» EXERCISE
Please restate the following records word for word.

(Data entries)

----------

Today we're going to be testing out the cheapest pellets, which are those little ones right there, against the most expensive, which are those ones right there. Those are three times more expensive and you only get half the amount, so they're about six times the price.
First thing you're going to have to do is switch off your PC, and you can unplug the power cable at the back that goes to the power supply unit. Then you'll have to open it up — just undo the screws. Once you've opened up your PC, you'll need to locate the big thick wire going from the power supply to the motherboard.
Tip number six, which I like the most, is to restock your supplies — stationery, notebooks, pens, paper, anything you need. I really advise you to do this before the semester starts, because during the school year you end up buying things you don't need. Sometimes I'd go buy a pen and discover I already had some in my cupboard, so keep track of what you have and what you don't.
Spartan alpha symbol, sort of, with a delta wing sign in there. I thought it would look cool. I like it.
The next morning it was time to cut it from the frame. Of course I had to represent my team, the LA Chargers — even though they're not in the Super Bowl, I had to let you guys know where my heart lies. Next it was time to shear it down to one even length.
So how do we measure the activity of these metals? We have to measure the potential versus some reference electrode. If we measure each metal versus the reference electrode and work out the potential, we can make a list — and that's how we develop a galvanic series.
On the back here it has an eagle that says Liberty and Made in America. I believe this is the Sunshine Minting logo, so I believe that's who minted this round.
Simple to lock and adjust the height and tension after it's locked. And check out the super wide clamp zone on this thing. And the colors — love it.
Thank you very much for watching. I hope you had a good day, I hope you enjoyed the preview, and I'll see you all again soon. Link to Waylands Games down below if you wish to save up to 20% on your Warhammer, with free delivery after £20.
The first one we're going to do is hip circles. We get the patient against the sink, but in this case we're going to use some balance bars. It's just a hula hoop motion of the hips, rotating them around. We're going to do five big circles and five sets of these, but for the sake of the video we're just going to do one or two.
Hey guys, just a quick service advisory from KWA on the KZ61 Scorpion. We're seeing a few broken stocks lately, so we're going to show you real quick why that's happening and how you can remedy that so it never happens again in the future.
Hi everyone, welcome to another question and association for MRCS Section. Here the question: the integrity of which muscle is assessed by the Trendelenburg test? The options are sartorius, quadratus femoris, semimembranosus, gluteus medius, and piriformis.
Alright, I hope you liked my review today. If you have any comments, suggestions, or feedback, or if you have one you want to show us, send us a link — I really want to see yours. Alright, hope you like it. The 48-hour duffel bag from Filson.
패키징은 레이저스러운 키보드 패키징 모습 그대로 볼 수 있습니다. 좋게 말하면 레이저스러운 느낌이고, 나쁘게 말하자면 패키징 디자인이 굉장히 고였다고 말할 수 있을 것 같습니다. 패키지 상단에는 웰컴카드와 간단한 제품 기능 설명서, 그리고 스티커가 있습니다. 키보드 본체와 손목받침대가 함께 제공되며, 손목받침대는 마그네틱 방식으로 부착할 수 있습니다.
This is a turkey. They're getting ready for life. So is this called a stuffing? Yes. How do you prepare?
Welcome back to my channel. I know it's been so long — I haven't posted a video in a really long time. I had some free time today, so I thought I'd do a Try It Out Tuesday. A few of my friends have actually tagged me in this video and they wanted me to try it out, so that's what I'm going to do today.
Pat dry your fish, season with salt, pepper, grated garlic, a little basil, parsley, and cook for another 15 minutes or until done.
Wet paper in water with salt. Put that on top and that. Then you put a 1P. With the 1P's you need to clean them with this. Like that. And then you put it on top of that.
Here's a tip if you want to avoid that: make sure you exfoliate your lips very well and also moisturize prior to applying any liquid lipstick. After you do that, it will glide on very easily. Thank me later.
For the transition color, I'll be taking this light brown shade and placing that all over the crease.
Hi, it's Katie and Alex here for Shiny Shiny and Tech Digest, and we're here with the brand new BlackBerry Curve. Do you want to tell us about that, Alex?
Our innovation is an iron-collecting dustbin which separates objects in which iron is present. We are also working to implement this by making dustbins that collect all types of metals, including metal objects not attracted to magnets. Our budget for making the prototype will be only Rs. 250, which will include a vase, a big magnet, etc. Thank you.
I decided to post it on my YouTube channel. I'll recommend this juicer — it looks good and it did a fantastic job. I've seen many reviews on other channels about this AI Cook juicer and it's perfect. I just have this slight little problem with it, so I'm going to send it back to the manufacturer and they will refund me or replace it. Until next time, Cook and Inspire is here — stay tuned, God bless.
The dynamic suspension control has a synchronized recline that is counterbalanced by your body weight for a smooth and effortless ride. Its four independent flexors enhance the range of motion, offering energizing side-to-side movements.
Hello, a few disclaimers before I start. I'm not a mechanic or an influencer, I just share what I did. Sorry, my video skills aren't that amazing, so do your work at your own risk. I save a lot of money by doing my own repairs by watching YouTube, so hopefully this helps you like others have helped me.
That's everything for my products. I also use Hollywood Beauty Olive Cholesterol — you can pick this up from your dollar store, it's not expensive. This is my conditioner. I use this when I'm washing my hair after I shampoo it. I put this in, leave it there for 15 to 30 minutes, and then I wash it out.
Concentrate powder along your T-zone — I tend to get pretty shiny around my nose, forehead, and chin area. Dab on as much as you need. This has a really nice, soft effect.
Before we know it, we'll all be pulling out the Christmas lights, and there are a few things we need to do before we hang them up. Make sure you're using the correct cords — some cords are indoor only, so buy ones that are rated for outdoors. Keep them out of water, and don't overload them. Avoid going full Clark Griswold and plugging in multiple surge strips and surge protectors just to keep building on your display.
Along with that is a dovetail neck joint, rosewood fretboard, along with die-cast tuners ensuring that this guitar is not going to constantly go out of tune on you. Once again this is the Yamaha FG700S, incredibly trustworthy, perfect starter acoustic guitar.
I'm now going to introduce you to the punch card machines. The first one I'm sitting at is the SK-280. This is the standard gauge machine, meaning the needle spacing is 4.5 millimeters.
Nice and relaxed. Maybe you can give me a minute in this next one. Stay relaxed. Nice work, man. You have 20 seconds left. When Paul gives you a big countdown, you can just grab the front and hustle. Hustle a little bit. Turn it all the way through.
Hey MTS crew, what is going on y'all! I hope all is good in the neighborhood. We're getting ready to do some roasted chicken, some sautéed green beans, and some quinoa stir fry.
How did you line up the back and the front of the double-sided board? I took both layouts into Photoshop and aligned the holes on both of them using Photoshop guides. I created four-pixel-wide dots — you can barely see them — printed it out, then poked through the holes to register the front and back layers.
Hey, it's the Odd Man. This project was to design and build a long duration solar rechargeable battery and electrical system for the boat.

----------

» SOLUTION FOR THIS EXERCISE
Today we're going to be testing out the cheapest pellets, which are those little ones right there, against the most expensive, which are those ones right there. Those are three times more expensive and you only get half the amount, so they're about six times the price.
First thing you're going to have to do is switch off your PC, and you can unplug the power cable at the back that goes to the power supply unit. Then you'll have to open it up — just undo the screws. Once you've opened up your PC, you'll need to locate the big thick wire going from the power supply to the motherboard.
Tip number six, which I like the most, is to restock your supplies — stationery, notebooks, pens, paper, anything you need. I really advise you to do this before the semester starts, because during the school year you end up buying things you don't need. Sometimes I'd go buy a pen and discover I already had some in my cupboard, so keep track of what you have and what you don't.
Spartan alpha symbol, sort of, with a delta wing sign in there. I thought it would look cool. I like it.
The next morning it was time to cut it from the frame. Of course I had to represent my team, the LA Chargers — even though they're not in the Super Bowl, I had to let you guys know where my heart lies. Next it was time to shear it down to one even length.
So how do we measure the activity of these metals? We have to measure the potential versus some reference electrode. If we measure each metal versus the reference electrode and work out the potential, we can make a list — and that's how we develop a galvanic series.
On the back here it has an eagle that says Liberty and Made in America. I believe this is the Sunshine Minting logo, so I believe that's who minted this round.
Simple to lock and adjust the height and tension after it's locked. And check out the super wide clamp zone on this thing. And the colors — love it.
Thank you very much for watching. I hope you had a good day, I hope you enjoyed the preview, and I'll see you all again soon. Link to Waylands Games down below if you wish to save up to 20% on your Warhammer, with free delivery after £20.
The first one we're going to do is hip circles. We get the patient against the sink, but in this case we're going to use some balance bars. It's just a hula hoop motion of the hips, rotating them around. We're going to do five big circles and five sets of these, but for the sake of the video we're just going to do one or two.
Hey guys, just a quick service advisory from KWA on the KZ61 Scorpion. We're seeing a few broken stocks lately, so we're going to show you real quick why that's happening and how you can remedy that so it never happens again in the future.
Hi everyone, welcome to another question and association for MRCS Section. Here the question: the integrity of which muscle is assessed by the Trendelenburg test? The options are sartorius, quadratus femoris, semimembranosus, gluteus medius, and piriformis.
Alright, I hope you liked my review today. If you have any comments, suggestions, or feedback, or if you have one you want to show us, send us a link — I really want to see yours. Alright, hope you like it. The 48-hour duffel bag from Filson.
패키징은 레이저스러운 키보드 패키징 모습 그대로 볼 수 있습니다. 좋게 말하면 레이저스러운 느낌이고, 나쁘게 말하자면 패키징 디자인이 굉장히 고였다고 말할 수 있을 것 같습니다. 패키지 상단에는 웰컴카드와 간단한 제품 기능 설명서, 그리고 스티커가 있습니다. 키보드 본체와 손목받침대가 함께 제공되며, 손목받침대는 마그네틱 방식으로 부착할 수 있습니다.
This is a turkey. They're getting ready for life. So is this called a stuffing? Yes. How do you prepare?
Welcome back to my channel. I know it's been so long — I haven't posted a video in a really long time. I had some free time today, so I thought I'd do a Try It Out Tuesday. A few of my friends have actually tagged me in this video and they wanted me to try it out, so that's what I'm going to do today.
Pat dry your fish, season with salt, pepper, grated garlic, a little basil, parsley, and cook for another 15 minutes or until done.
Wet paper in water with salt. Put that on top and that. Then you put a 1P. With the 1P's you need to clean them with this. Like that. And then you put it on top of that.
Here's a tip if you want to avoid that: make sure you exfoliate your lips very well and also moisturize prior to applying any liquid lipstick. After you do that, it will glide on very easily. Thank me later.
For the transition color, I'll be taking this light brown shade and placing that all over the crease.
Hi, it's Katie and Alex here for Shiny Shiny and Tech Digest, and we're here with the brand new BlackBerry Curve. Do you want to tell us about that, Alex?
Our innovation is an iron-collecting dustbin which separates objects in which iron is present. We are also working to implement this by making dustbins that collect all types of metals, including metal objects not attracted to magnets. Our budget for making the prototype will be only Rs. 250, which will include a vase, a big magnet, etc. Thank you.
I decided to post it on my YouTube channel. I'll recommend this juicer — it looks good and it did a fantastic job. I've seen many reviews on other channels about this AI Cook juicer and it's perfect. I just have this slight little problem with it, so I'm going to send it back to the manufacturer and they will refund me or replace it. Until next time, Cook and Inspire is here — stay tuned, God bless.
The dynamic suspension control has a synchronized recline that is counterbalanced by your body weight for a smooth and effortless ride. Its four independent flexors enhance the range of motion, offering energizing side-to-side movements.
Hello, a few disclaimers before I start. I'm not a mechanic or an influencer, I just share what I did. Sorry, my video skills aren't that amazing, so do your work at your own risk. I save a lot of money by doing my own repairs by watching YouTube, so hopefully this helps you like others have helped me.
That's everything for my products. I also use Hollywood Beauty Olive Cholesterol — you can pick this up from your dollar store, it's not expensive. This is my conditioner. I use this when I'm washing my hair after I shampoo it. I put this in, leave it there for 15 to 30 minutes, and then I wash it out.
Concentrate powder along your T-zone — I tend to get pretty shiny around my nose, forehead, and chin area. Dab on as much as you need. This has a really nice, soft effect.
Before we know it, we'll all be pulling out the Christmas lights, and there are a few things we need to do before we hang them up. Make sure you're using the correct cords — some cords are indoor only, so buy ones that are rated for outdoors. Keep them out of water, and don't overload them. Avoid going full Clark Griswold and plugging in multiple surge strips and surge protectors just to keep building on your display.
Along with that is a dovetail neck joint, rosewood fretboard, along with die-cast tuners ensuring that this guitar is not going to constantly go out of tune on you. Once again this is the Yamaha FG700S, incredibly trustworthy, perfect starter acoustic guitar.
I'm now going to introduce you to the punch card machines. The first one I'm sitting at is the SK-280. This is the standard gauge machine, meaning the needle spacing is 4.5 millimeters.
Nice and relaxed. Maybe you can give me a minute in this next one. Stay relaxed. Nice work, man. You have 20 seconds left. When Paul gives you a big countdown, you can just grab the front and hustle. Hustle a little bit. Turn it all the way through.
Hey MTS crew, what is going on y'all! I hope all is good in the neighborhood. We're getting ready to do some roasted chicken, some sautéed green beans, and some quinoa stir fry.
How did you line up the back and the front of the double-sided board? I took both layouts into Photoshop and aligned the holes on both of them using Photoshop guides. I created four-pixel-wide dots — you can barely see them — printed it out, then poked through the holes to register the front and back layers.
Hey, it's the Odd Man. This project was to design and build a long duration solar rechargeable battery and electrical system for the boat.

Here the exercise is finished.